While the overall number of barring notices had been decreasing since 2014, GW has already given out 68 notices banning individuals from campus property this year, compared to 58 in all of 2016, according to the crime log. Darrell Darnell, the senior associate vice president for safety and security, said GW’s urban location and the constant flow of outside visitors and office workers onto campus requires officials to regulate who is allowed on University property, but he said officials have not changed the guidelines surrounding when a person can be issued a barring notice.
The University can bar any non-affiliated person that it does not wish to have on campus for nearly any reason. Any person, affiliated or non-affiliated, can be banned from University property if they violate GW policies, according to the barring policy. The policy was last revised in March, according to the document.
Individuals who are issued a notice will be barred for a five-year period unless they appeal to the UPD chief, who can decide whether to rescind the notice.
Over the past four years, the average number of barring notices given out within the first eight months of the year sits at 43.
This year, 58 barring notices were documented through August. Ten cases have been reported so far this month, according to the crime log.
An open campus with public dining areas in some buildings attract many people who don’t have a direct connection to GW into campus spaces, Darnell said.

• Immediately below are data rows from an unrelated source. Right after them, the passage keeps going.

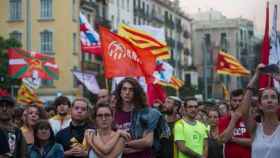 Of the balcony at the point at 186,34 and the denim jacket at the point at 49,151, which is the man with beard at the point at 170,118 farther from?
the balcony at the point at 186,34

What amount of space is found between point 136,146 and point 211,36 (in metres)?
97.8

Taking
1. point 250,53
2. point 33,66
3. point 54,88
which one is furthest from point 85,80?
point 250,53

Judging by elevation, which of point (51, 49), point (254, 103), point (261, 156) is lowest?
point (261, 156)

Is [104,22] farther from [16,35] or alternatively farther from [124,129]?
[124,129]

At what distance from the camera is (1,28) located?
52.8 meters

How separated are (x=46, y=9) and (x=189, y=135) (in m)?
43.0

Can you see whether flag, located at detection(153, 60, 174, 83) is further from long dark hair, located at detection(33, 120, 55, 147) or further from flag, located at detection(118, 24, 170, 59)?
long dark hair, located at detection(33, 120, 55, 147)

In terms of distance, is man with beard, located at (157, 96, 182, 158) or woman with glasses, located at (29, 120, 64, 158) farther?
man with beard, located at (157, 96, 182, 158)

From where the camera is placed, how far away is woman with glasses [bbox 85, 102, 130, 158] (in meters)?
6.66

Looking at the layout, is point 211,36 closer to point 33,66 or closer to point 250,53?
point 250,53

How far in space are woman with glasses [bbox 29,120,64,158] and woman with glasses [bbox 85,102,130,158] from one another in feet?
2.88

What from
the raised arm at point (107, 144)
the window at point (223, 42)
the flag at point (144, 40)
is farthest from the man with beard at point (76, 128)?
the window at point (223, 42)

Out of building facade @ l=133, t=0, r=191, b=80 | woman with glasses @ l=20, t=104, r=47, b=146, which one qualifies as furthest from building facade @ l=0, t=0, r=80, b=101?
woman with glasses @ l=20, t=104, r=47, b=146

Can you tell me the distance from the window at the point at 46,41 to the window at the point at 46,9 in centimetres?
113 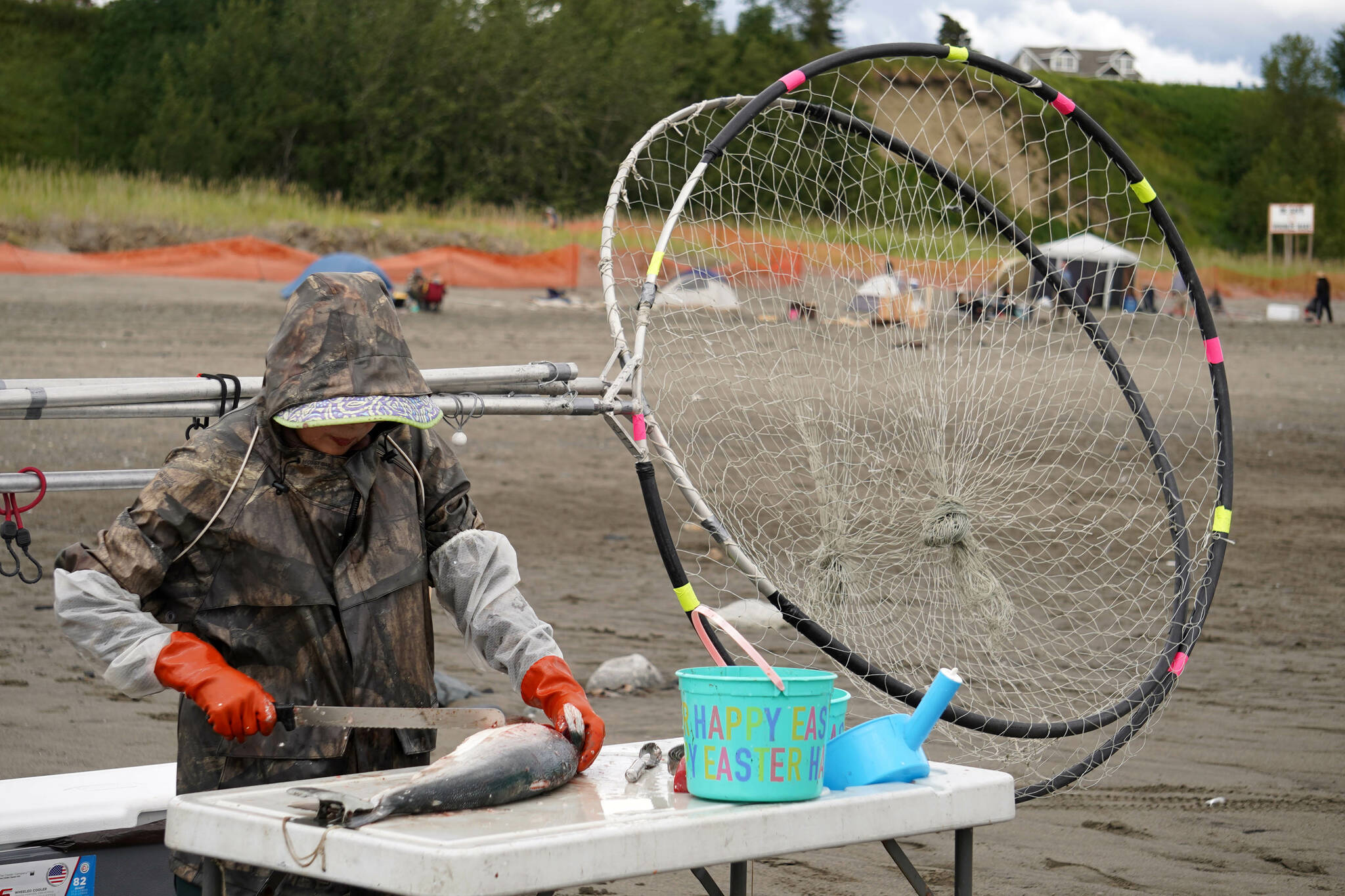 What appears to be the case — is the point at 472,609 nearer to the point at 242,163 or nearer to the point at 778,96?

Most people barred from campus are non-affiliated individuals entering buildings they do not belong in, he added.
“Because of this transient, urban environment, individuals not affiliated with GW may sometimes enter these eating areas and refuse to leave at closing or engage in activity that violates university, local or federal laws,” Darnell said in an email.

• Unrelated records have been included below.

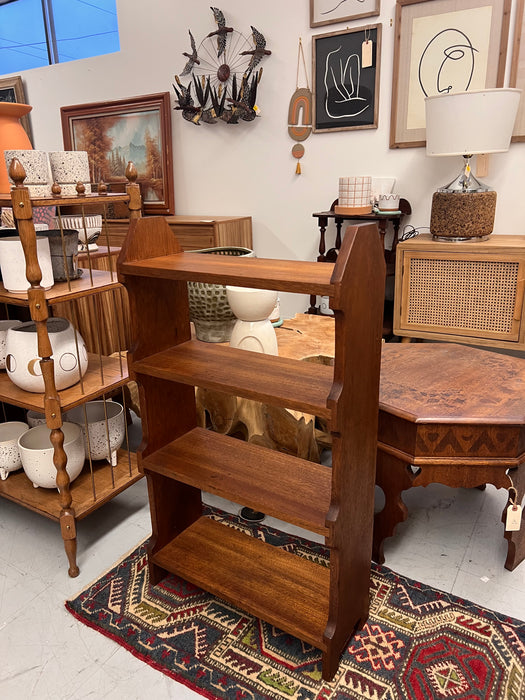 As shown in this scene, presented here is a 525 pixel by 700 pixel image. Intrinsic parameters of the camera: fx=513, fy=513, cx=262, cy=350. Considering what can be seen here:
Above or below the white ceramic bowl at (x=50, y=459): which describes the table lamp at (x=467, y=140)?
above

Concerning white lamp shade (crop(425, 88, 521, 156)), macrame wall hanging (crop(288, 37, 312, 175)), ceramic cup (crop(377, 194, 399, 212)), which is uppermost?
macrame wall hanging (crop(288, 37, 312, 175))

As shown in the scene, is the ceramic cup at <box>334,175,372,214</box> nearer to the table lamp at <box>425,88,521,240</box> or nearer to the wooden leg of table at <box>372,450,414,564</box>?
the table lamp at <box>425,88,521,240</box>

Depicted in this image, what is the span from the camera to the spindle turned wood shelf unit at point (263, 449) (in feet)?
3.58

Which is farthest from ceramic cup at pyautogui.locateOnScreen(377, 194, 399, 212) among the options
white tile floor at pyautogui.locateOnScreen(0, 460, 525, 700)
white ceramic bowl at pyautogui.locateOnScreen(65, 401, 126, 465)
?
white ceramic bowl at pyautogui.locateOnScreen(65, 401, 126, 465)

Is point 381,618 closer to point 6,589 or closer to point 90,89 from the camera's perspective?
point 6,589

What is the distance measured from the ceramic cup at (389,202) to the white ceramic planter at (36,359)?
1.99 metres

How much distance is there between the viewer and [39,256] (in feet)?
4.88

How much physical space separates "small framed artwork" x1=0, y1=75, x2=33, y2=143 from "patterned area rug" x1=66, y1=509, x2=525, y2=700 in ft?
14.3

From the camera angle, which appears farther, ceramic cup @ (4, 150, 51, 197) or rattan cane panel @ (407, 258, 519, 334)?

When people enter an off-limits building for the first time, GW – usually UPD – issues a barring notice. If they return, barred people can be arrested for unlawful entry, Darnell said. In the past year, most individuals arrested for unlawful entries were previously barred, he said.
Darnell declined to say why the number of barrings has increased through August this year, why the reported number would fluctuate from year to year, how often the notices are contested and how often they are rescinded.
The most common offense in the last five years that resulted in barring from GW is disorderly conduct, which makes up more than 33 percent of all barred cases over that span. Unlawful entries were the next most common reason for barring, making up 28 percent of all barred cases since 2012.
Between December 2016 and April 2017, two-thirds of the individuals arrested for unlawful entry had been previously barred.
Experts said the number of barrings may have increased because more individuals are entering campus or because of increased cooperation between the community and police to identify concerning individuals or behaviors on campus.
Being in a more densely populated area can lead to more non-affiliated people moving through campus, which increases the likelihood of someone committing an offense punishable by barring, S. Daniel Carter, a campus security consultant, said.
“If someone is merely disruptive, they would likely be asked to leave, but if they’re engaged with serious criminal activity as the underlying conduct, they would be much more likely to be arrested if they returned to campus, in my experience,” he said.
GW has banned more people from its property this year than its local peer schools have. As of Sept. 21, American University has barred 15 individuals from its property this year, according to the University’s crime log. Georgetown University had barred just one person through July, according to its crime log.
Most of GW’s peer schools do not have publicly available policies on how individuals can be barred from their campuses, except for expulsion cases or accusations of sexual misconduct.
Jim Grayson, a senior security consultant at Summers Associates, said sometimes the area and climate around a school can change, sparking a higher perception of potential risk on campus and causing an increase in barring notices.
“In terms of urban campuses, one of the things that can change involves the climate around the school because whatever is going on right outside the borders of the school can spill onto campus,” he said.